Can you tell us anything about what to expect from the concerts? Some songs from shows you've done or some new songs we haven't heard you sing before?
I'd like to think some of both! I'm sure he's going to want to dive into stuff he's heard me do. I like the fact that it will be loose, and I'm hoping all three shows will be different. For the first time ever, I put out on Twitter asking what people want to hear. You get the stuff that you've done before that people still want, so we'll do that.
It'll be special to do it just with a piano too. When I think back to "Til I Hear You Sing" and the first time I did it with Andrew was just with a piano. I remember how special that way. Obviously, then it was orchestrated and what we did on the album and on the stage was great, but there's something special about that first raw moment where it's just a piano.
I want to try some new things that we've never done before. We're talking some ideas back and forth and we'll see what works and just have some fun. I don't want it to be too formal. I'm hoping we'll interact with the audience. I hope they'll interact with us.
Why do you think people should come to your concert?
If they love musical theatre, just for Seth himself it's worth the ticket price, and hopefully I can add to that experience with my voice and hopefully some charm. I'm showing up as a fan of Seth as well, so I'm excited to be contributing to his artistry. I think it's going to be a fun night. I'm excited to just have a laugh and really celebrate what we all love and just have a blast.
I'd like to try some old music theatre songs as well, like the classics which you don't get to hear much anymore. One of my favourite songs is "If Ever I Would Leave You", so I'm like let's do that, because I never get to do these things.
Is there anything coming up that you're allowed to tell us about yet?
My band's going to hit the road in January sometime; I think it's the final two and a half weeks. I'm on the finish line of a couple of things that might or might not happen. I'm at that point now (I'm sure everyone's gone through this when they turn 40) where I'm not rushing into anything.
I want to sit back - I feel a new chapter coming up. How do we improve, how do we exceed expectations and just keep growing? I'm entering a new decade, so I want to offer the world something new as an artist, and I don't think you can rush that.
Do you have any roles you'd love to play in the future?

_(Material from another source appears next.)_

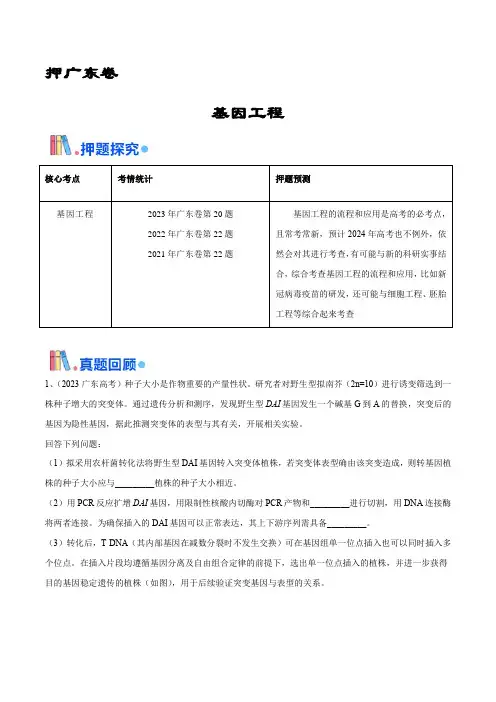 押广东卷第20题 基因工程(原卷版)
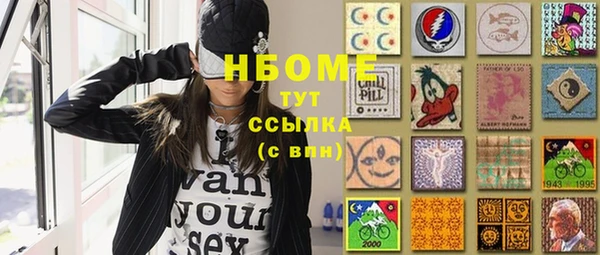 индика Арсеньев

Sweeney Todd. I've got to have a crack at that! Billy in Carousel. There's some new stuff out there. I've always wanted a crack at Joe Gillis again for a longer period. I've got to do comedy. I've been doing such serious stuff. I'm a funny guy, but the problem is if it's funny, I'll just keep laughing. But I'd love to do a comedy or a play.
With more musicals being made into films, do you have any screen ambitions?

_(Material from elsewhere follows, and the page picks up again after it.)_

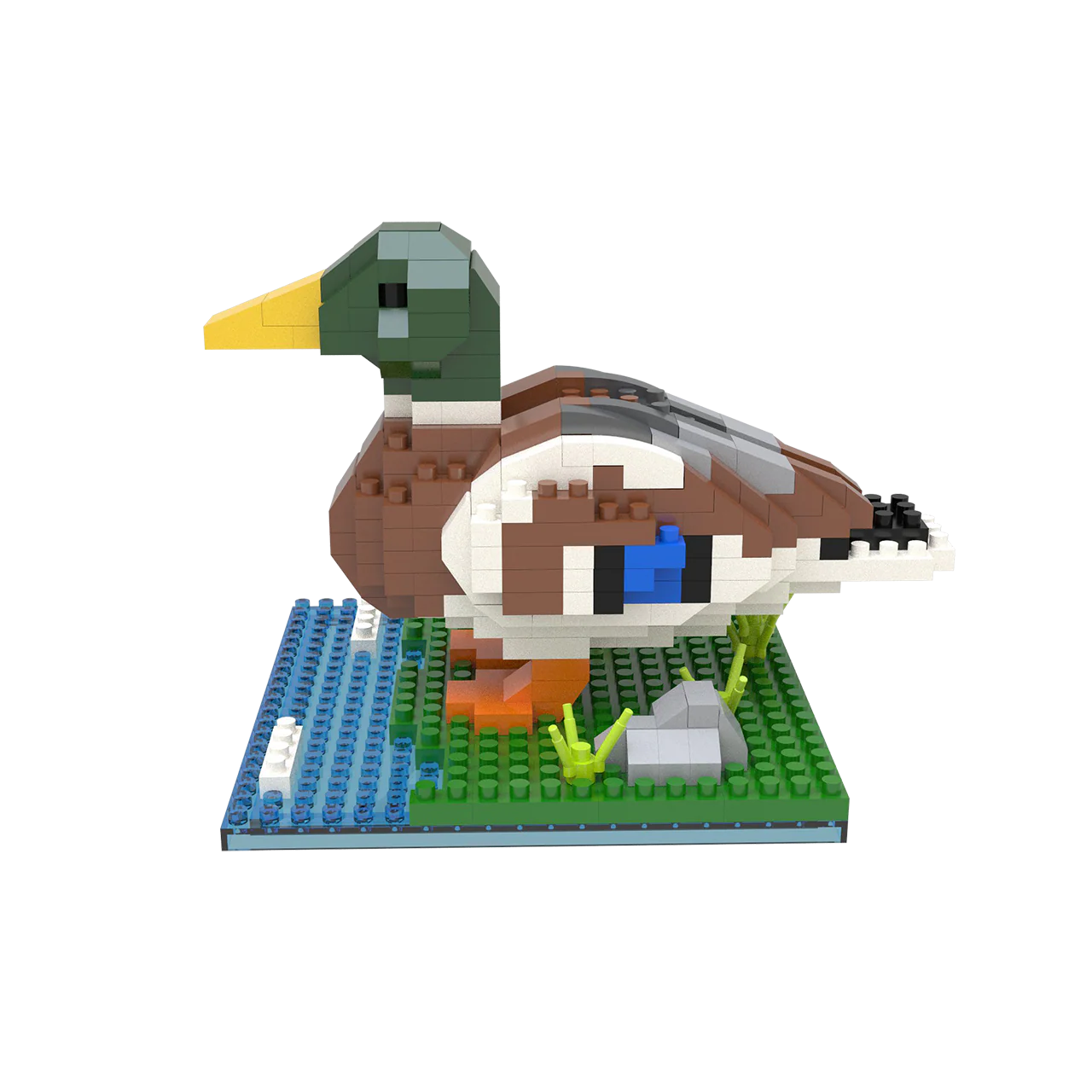 Mallard - Image 5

100%. My management team are pushing into TV and film all the time. Not because I think it's better, but because I want to be a diverse actor. I've done a bit of TV and I enjoy the intimacy of that. The stage will always be my love and passion but I think if you can be diverse, it only allows you to grow. I'd love to do TV and film. More so the time commitment - as opposed to eight shows a week, I could take more time off. I just want to have more time with my family.

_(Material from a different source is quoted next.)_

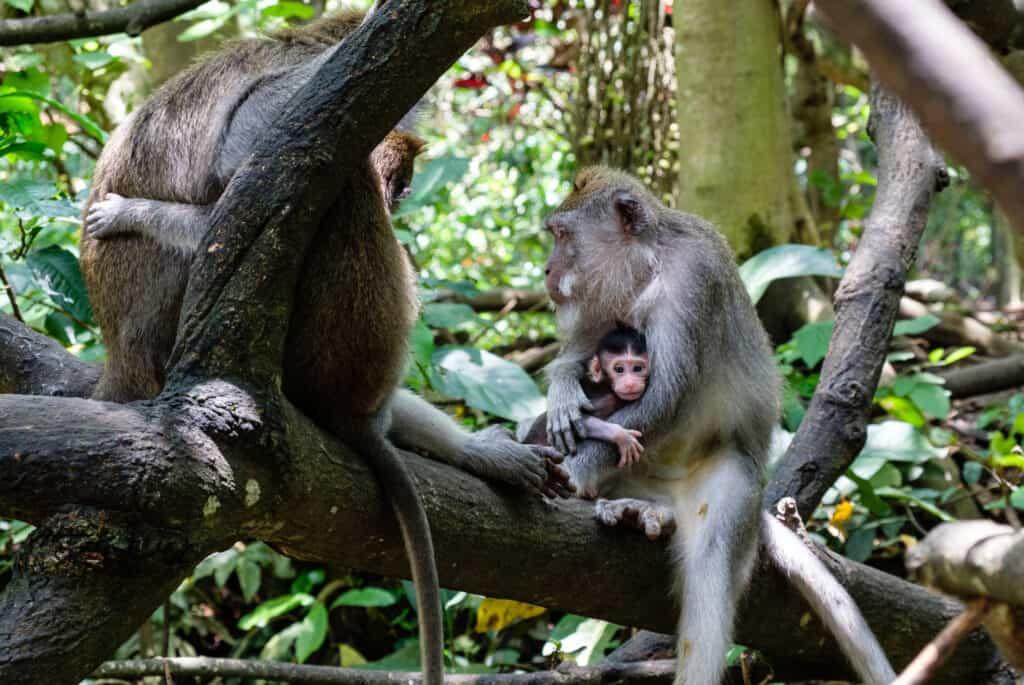 Kyoto Monkey Park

Do you have any advice for aspiring actors?
You've got to be hungry and you can't wait for people to show you things. You have to be self-sufficient. If you're uninspired, it's your fault. You have to keep yourself inspired. Get a book, go to the library, go to the theatre, see films. See the classics! Don't just listen to one show that's your passion. You have to broaden your horizons.
I say this out loud so I can hear it as well and remind myself. It can't be about ego and it can't be tunnel vision. You have to experience life as best as possible and don't panic and rush. These are things I would tell myself ten years ago for sure.